[Start of section]

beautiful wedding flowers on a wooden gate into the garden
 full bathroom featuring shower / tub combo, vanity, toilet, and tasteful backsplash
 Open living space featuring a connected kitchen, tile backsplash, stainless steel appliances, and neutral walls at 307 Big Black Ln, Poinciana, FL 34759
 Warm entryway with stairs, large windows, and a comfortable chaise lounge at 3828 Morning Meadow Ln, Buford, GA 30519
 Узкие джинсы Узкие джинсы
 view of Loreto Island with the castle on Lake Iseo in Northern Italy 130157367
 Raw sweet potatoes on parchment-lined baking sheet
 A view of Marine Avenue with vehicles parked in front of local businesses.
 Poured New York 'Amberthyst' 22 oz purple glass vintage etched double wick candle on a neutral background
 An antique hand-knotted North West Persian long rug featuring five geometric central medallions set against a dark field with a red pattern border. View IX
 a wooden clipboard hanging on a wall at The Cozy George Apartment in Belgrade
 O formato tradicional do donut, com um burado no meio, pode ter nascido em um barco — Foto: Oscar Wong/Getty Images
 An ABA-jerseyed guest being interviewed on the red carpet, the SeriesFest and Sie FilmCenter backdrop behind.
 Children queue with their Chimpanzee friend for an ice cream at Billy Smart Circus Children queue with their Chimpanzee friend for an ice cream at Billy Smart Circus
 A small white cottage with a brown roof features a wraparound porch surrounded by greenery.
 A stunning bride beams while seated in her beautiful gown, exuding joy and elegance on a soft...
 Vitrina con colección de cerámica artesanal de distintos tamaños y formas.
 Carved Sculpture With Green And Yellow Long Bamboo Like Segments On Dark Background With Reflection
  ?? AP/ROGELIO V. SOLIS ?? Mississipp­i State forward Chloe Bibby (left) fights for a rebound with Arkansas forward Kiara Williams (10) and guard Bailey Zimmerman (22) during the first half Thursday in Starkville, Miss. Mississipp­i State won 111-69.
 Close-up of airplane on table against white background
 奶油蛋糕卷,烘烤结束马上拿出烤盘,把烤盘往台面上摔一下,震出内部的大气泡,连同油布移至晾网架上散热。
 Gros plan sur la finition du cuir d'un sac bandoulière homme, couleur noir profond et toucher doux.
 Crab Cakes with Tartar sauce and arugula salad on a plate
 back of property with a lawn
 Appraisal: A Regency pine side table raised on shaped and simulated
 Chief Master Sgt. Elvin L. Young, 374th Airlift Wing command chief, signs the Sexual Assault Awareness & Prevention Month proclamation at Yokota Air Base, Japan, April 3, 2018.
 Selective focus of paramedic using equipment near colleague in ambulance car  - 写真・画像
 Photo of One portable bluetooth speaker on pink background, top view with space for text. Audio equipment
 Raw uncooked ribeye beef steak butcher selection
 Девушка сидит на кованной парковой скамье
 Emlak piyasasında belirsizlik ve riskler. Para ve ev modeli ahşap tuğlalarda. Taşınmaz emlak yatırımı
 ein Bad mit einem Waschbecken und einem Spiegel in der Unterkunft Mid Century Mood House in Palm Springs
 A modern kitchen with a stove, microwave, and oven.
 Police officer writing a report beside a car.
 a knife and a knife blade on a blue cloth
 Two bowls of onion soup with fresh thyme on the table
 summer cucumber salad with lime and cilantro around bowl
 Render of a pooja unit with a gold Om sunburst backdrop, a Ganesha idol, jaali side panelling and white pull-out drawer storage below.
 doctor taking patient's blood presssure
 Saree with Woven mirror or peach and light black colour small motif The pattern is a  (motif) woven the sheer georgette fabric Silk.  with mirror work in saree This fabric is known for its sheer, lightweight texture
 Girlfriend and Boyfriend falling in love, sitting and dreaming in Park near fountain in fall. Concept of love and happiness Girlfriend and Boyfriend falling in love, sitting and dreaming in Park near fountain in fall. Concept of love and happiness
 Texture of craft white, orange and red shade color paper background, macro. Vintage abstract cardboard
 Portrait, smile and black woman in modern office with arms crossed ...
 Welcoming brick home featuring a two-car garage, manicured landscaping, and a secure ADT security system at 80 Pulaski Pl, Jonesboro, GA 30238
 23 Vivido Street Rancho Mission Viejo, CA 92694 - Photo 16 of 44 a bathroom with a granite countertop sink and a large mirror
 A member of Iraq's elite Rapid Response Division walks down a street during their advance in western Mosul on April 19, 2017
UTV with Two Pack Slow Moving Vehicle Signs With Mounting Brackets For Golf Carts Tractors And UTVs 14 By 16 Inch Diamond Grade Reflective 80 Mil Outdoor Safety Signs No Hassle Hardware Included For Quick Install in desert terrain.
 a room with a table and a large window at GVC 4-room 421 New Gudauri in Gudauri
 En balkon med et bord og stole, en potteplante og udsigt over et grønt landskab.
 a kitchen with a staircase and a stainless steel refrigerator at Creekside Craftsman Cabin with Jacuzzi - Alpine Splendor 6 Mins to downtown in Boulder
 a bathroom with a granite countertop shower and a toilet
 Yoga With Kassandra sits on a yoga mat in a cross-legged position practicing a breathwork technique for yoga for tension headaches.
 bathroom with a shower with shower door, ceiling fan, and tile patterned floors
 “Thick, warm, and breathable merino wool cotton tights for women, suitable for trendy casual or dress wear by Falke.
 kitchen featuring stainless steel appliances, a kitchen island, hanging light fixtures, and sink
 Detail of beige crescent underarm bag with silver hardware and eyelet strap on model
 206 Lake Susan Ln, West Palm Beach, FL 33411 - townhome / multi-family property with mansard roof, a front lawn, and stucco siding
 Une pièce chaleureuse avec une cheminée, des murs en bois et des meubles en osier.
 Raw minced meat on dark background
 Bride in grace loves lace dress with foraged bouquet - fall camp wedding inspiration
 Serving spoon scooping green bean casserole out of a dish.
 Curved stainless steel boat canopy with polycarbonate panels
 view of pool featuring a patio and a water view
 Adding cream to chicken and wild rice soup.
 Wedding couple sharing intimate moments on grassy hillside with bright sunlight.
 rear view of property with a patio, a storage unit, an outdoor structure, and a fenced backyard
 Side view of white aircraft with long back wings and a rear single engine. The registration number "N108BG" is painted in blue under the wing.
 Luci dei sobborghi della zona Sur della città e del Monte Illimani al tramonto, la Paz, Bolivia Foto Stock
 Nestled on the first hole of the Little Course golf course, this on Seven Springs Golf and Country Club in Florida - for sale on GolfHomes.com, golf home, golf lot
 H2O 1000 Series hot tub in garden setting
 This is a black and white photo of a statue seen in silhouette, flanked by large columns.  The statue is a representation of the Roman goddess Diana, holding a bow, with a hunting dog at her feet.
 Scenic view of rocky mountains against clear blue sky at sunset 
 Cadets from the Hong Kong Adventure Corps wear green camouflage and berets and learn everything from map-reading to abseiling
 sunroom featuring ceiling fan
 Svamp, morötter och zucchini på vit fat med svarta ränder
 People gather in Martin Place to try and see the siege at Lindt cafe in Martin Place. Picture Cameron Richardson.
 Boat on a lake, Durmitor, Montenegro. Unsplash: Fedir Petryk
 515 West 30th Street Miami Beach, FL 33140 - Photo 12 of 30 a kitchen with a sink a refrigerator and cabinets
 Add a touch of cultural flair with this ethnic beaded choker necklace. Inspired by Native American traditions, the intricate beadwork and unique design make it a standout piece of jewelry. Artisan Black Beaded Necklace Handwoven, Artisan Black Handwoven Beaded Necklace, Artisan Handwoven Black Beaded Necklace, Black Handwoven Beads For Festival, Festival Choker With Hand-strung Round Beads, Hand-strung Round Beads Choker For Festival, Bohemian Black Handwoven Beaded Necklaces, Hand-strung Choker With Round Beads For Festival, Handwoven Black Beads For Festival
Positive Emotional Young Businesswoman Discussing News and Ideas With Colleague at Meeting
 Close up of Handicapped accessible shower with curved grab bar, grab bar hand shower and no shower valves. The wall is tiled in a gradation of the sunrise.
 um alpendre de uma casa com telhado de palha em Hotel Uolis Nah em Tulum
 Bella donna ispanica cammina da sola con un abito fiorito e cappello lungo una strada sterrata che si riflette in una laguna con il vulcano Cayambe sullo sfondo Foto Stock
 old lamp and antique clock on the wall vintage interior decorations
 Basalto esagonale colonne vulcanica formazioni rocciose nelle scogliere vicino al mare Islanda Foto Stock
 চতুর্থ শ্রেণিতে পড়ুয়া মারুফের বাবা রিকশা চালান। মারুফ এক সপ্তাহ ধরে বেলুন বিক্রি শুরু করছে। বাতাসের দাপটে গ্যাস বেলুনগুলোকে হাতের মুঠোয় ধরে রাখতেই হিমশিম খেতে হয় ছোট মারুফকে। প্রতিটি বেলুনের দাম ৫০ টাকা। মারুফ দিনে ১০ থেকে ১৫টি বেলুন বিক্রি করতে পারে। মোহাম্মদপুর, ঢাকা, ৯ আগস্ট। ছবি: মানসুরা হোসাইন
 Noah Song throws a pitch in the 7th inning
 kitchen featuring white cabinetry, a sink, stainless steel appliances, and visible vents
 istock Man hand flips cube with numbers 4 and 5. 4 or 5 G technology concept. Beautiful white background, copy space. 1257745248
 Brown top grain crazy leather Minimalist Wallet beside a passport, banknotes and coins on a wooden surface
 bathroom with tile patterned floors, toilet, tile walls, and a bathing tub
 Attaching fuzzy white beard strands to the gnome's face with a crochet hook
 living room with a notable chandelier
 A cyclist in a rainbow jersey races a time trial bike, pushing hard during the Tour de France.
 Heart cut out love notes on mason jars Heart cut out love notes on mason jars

[End of section]

Only a number is wanted here: how many lines of the material hold the word "stainless".

■ **Solution for this problem**
5